Aber auch wenn so wirtschaftliche Belange oftmals auf der Strecke bleiben: Allein schon, um dem gesellschaftlichen Druck nach höheren Standards in der Nutztierhaltung nachzukommen, werden diese Nischenprodukte in den Regalen des LEH ihren Platz bekommen. Und unter den passenden Rahmenbedingungen kann das auch im Sinne der Schweinehalter sein.
Fazit
Im hart umkämpften LEH sind Alleinstellungsmerkmale auch im Segment Schweinefleisch sehr gefragt. Immer mehr Einzelhändler streben deshalb direkte Lieferbeziehungen mit den Landwirten an. Dahinter steckt der Ansatz, die Versorgung mit regionalen Erzeugnissen langfristig abzusichern.

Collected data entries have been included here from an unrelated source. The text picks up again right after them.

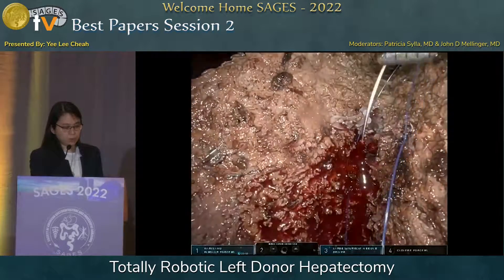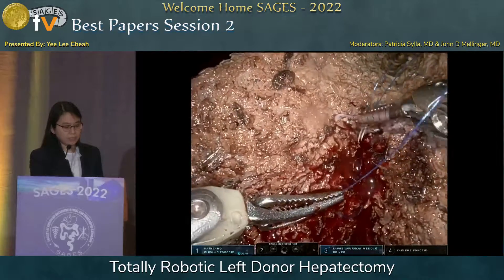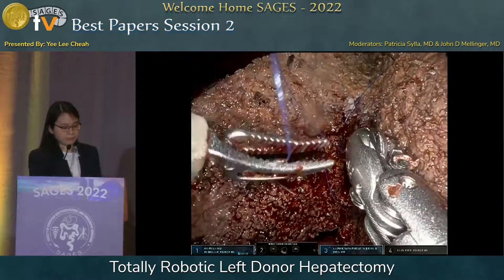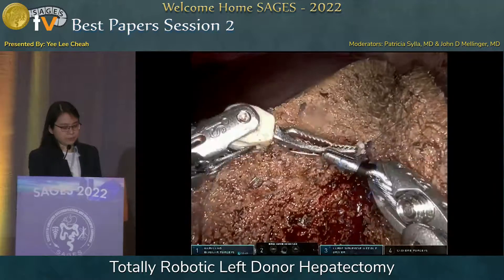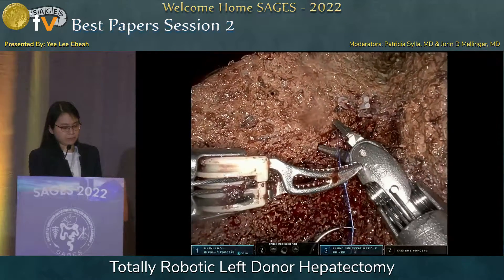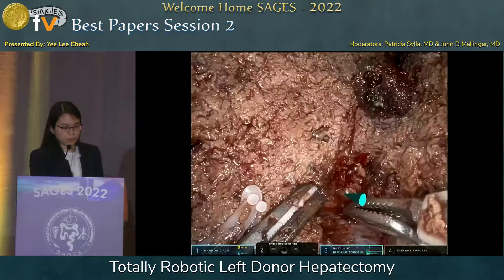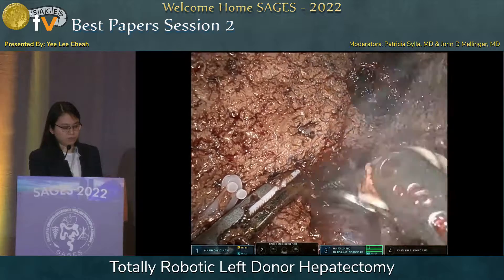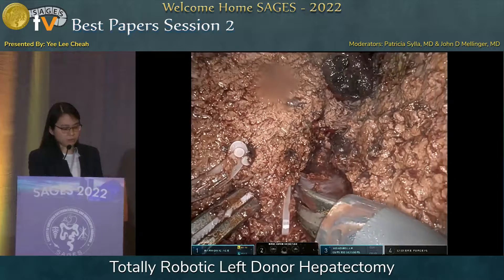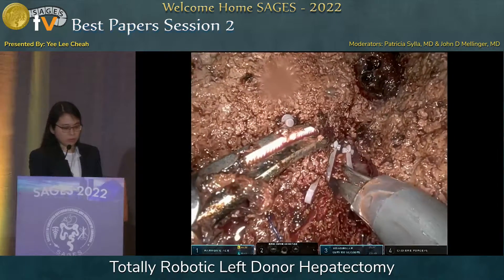Bleeders can be controlled with bipolar, or in this case, we can suture a small vein that's bleeding. Again, this is performed with no inflow and outflow control. As we proceed deeper into the transection plane, we reach the segment five hepatic vein — a good signpost to confirm you are on the correct side of the transection plane. The branches are encircled and usually clipped.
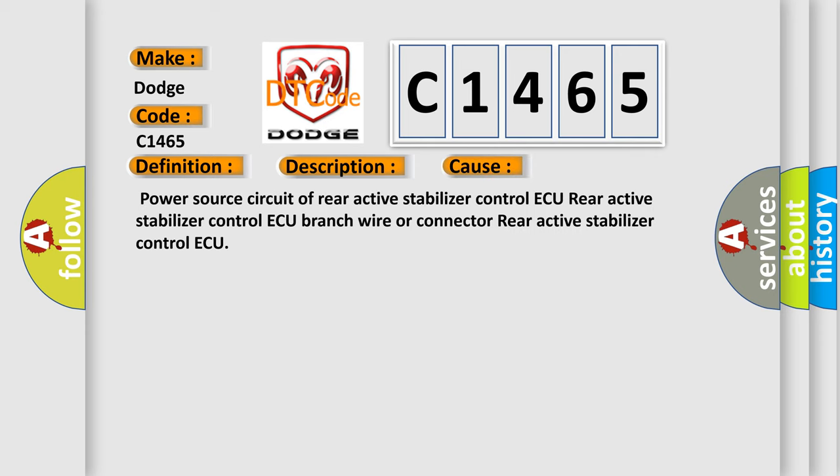This diagnostic error occurs most often in these cases: Power source circuit of rear active stabilizer control AQ, rear active stabilizer control AQ branch wire or connector, rear active stabilizer control AQ.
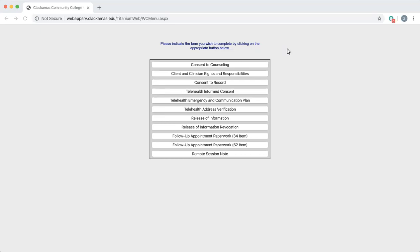To complete a release of information for a person or organization, please click the seventh menu option called release of information.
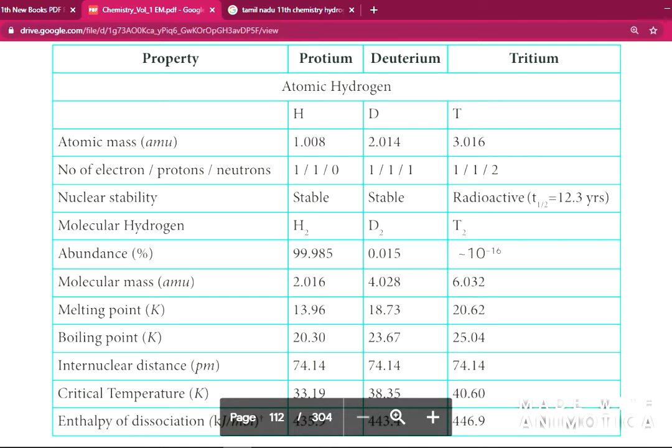Hydrogen has 3 isotopes: protium, deuterium, and tritium. Hydrogen is very important. Let's look at the properties.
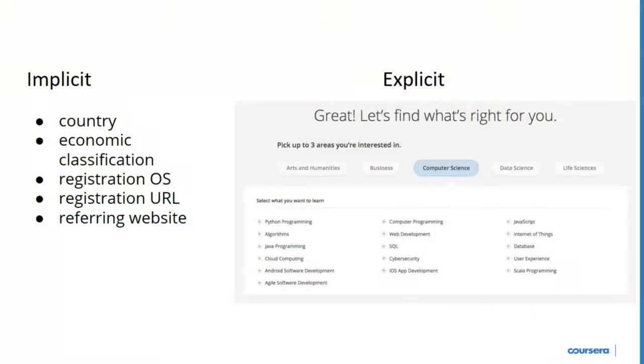So we've departed from standard practice and had a much more in-depth onboarding flow where people are asked questions about what they actually care about, what their career goals are, and so on. By doing that, we've been able to create a much more informed recommendation system. The problem, though, is that even if you ask users at a high level what categories they might be interested in, there are still way too many options to offer them.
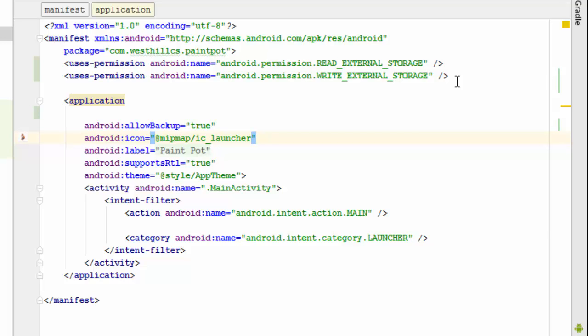However, starting with Android 6.0, which is Marshmallow, which is what we happen to be running in our app, this type of permission setting is insufficient. It's still required, you still have to do this, but starting with 6.0 you additionally need to ask the user for permission in real time as soon as you need to access the picture from the device. So in addition to this code, we need to write some additional code to ask the user for permission.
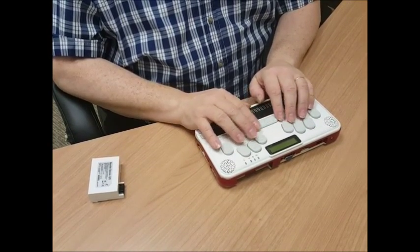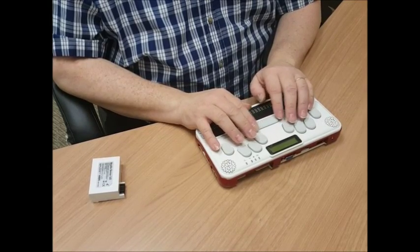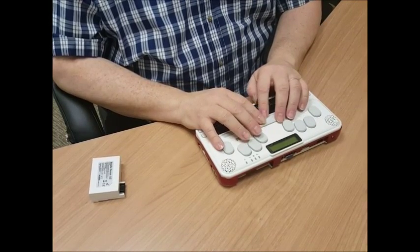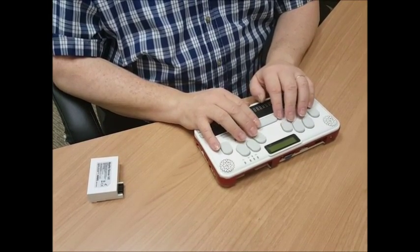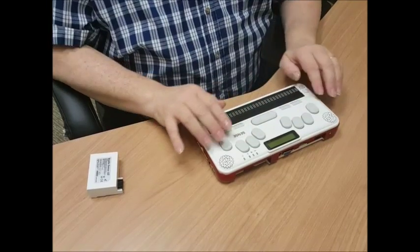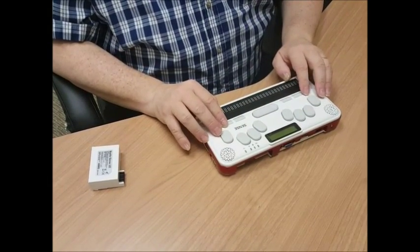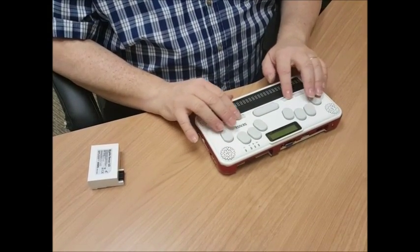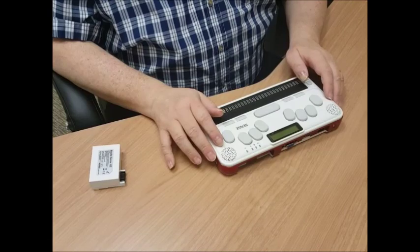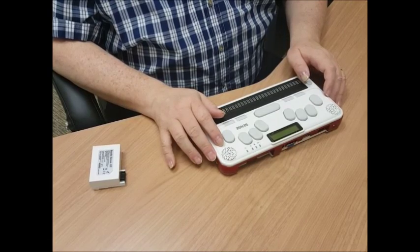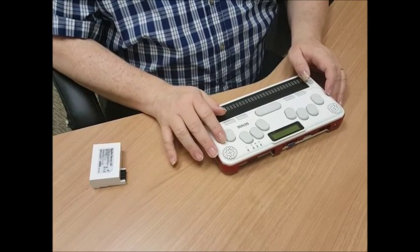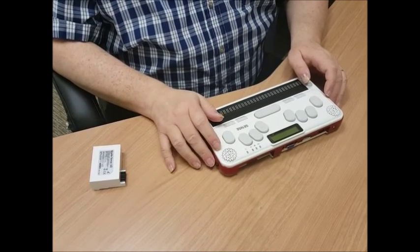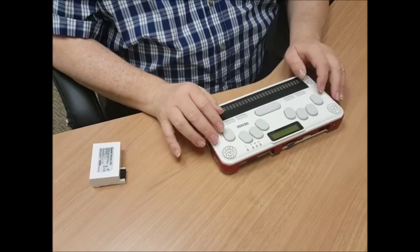Below that, kind of horizontal, is a long sort of bar. That's the space bar. On both sides of that space bar are four little rectangles. From the left to right they are F1, F2, and the space bar, F3, F4 on the far right.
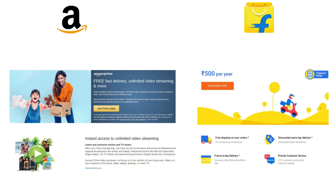Flipkart offers Flipkart First which costs about 500 rupees per year. It also offers expedited delivery on qualifying products but is no match to Amazon Prime.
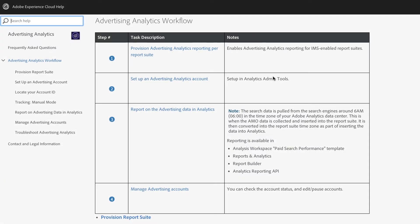Hi everyone, this is Travis Sabin, Product Manager for Adobe Analytics, and today I'm going to be walking you through how to set up and configure the new Advertising Analytics feature. I've brought us to our documentation, and it outlines four steps for getting Advertising Analytics set up and configured.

Die Schweinehalter können über gut honorierte und langfristige Abnahmeverträge von diesem Trend profitieren. Zudem senken staatliche Förderprogramme für mehr Tierwohl das Investitionsrisiko.
Eine Erfolgsgarantie gibt es allerdings nicht. Das Einkaufsverhalten der Verbraucher ist immer noch stark preisgetrieben. Zudem fällt es bei der heutigen Ernährungsweise schwer, die Preiszuschläge auf den ganzen Schlachtkörper zu verteilen.